Short web captions:
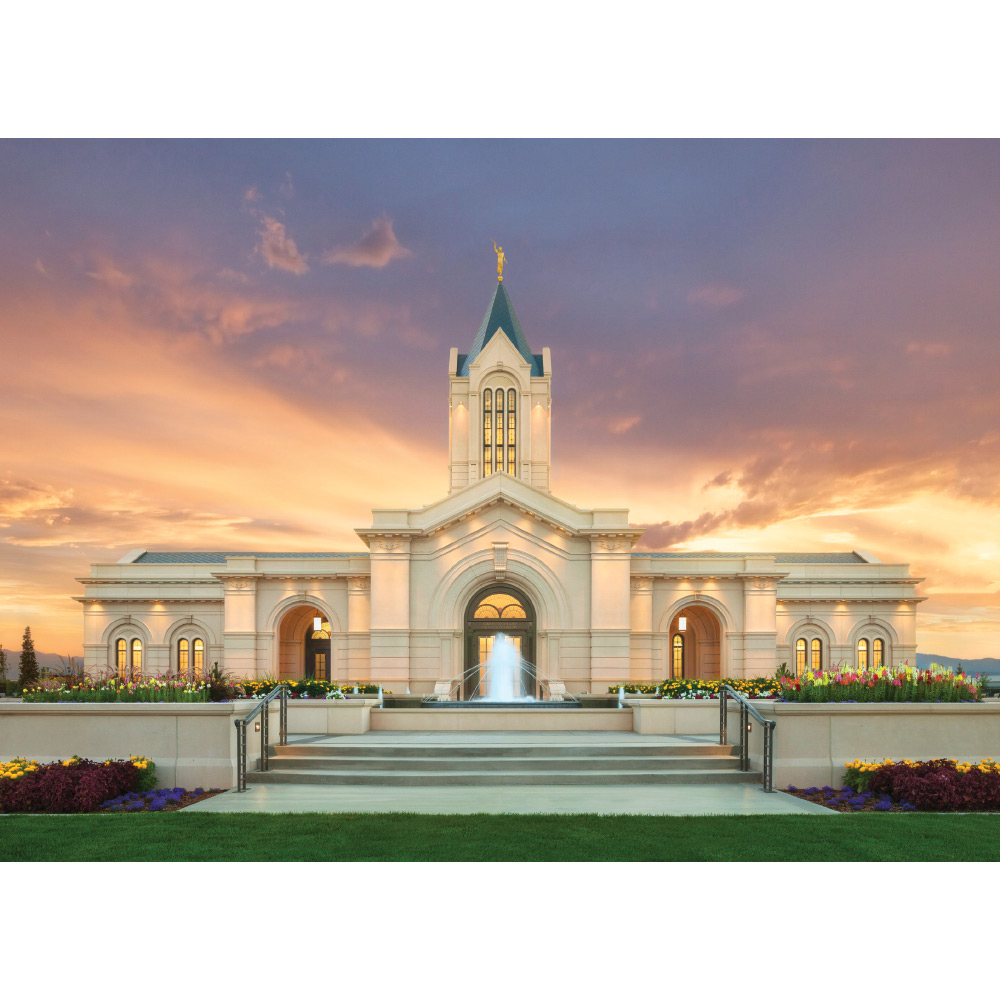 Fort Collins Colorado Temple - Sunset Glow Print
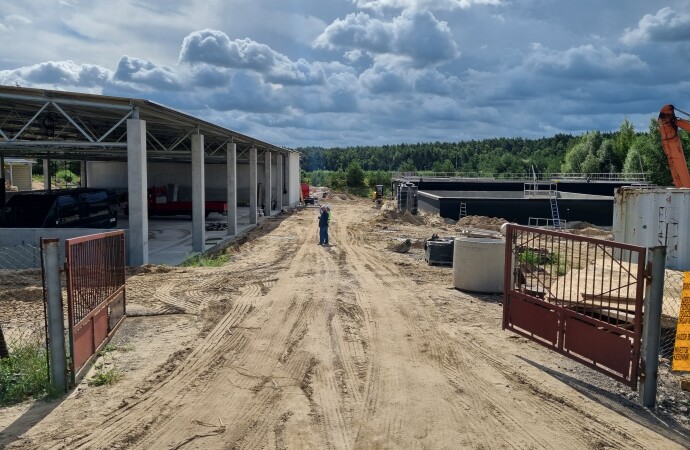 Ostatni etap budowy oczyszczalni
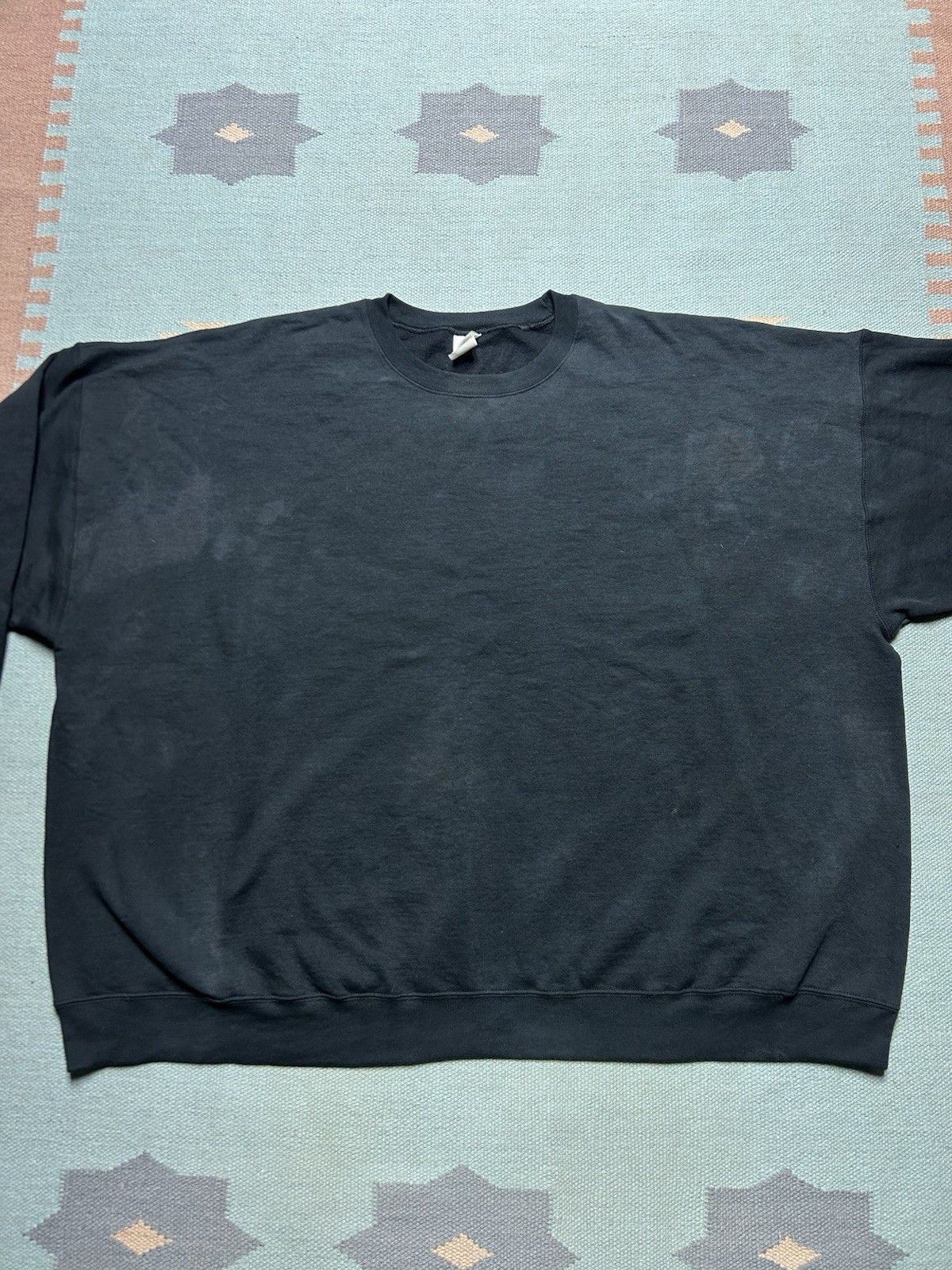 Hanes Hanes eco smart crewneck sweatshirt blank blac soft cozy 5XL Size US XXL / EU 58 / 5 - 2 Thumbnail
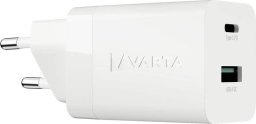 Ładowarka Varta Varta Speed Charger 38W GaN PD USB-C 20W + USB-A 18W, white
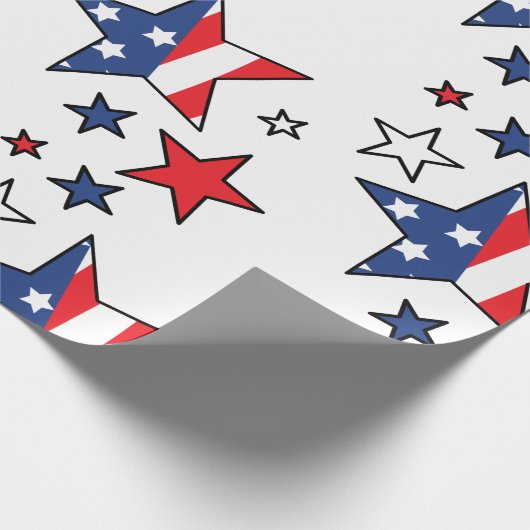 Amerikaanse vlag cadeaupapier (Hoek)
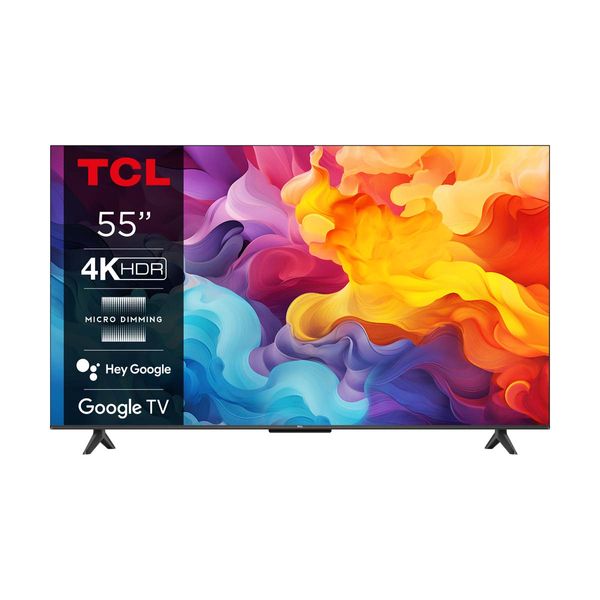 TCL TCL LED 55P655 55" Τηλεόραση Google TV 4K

#### TRY IT
The lines from the one containing "Hanes Hanes eco" through the final line of the data are to be repeated exactly, with both ends included and all pictures left out.

#### ANSWER TO THE PROBLEM
 Hanes Hanes eco smart crewneck sweatshirt blank blac soft cozy 5XL Size US XXL / EU 58 / 5 - 2 Thumbnail
 Ładowarka Varta Varta Speed Charger 38W GaN PD USB-C 20W + USB-A 18W, white
 Amerikaanse vlag cadeaupapier (Hoek)
 TCL TCL LED 55P655 55" Τηλεόραση Google TV 4K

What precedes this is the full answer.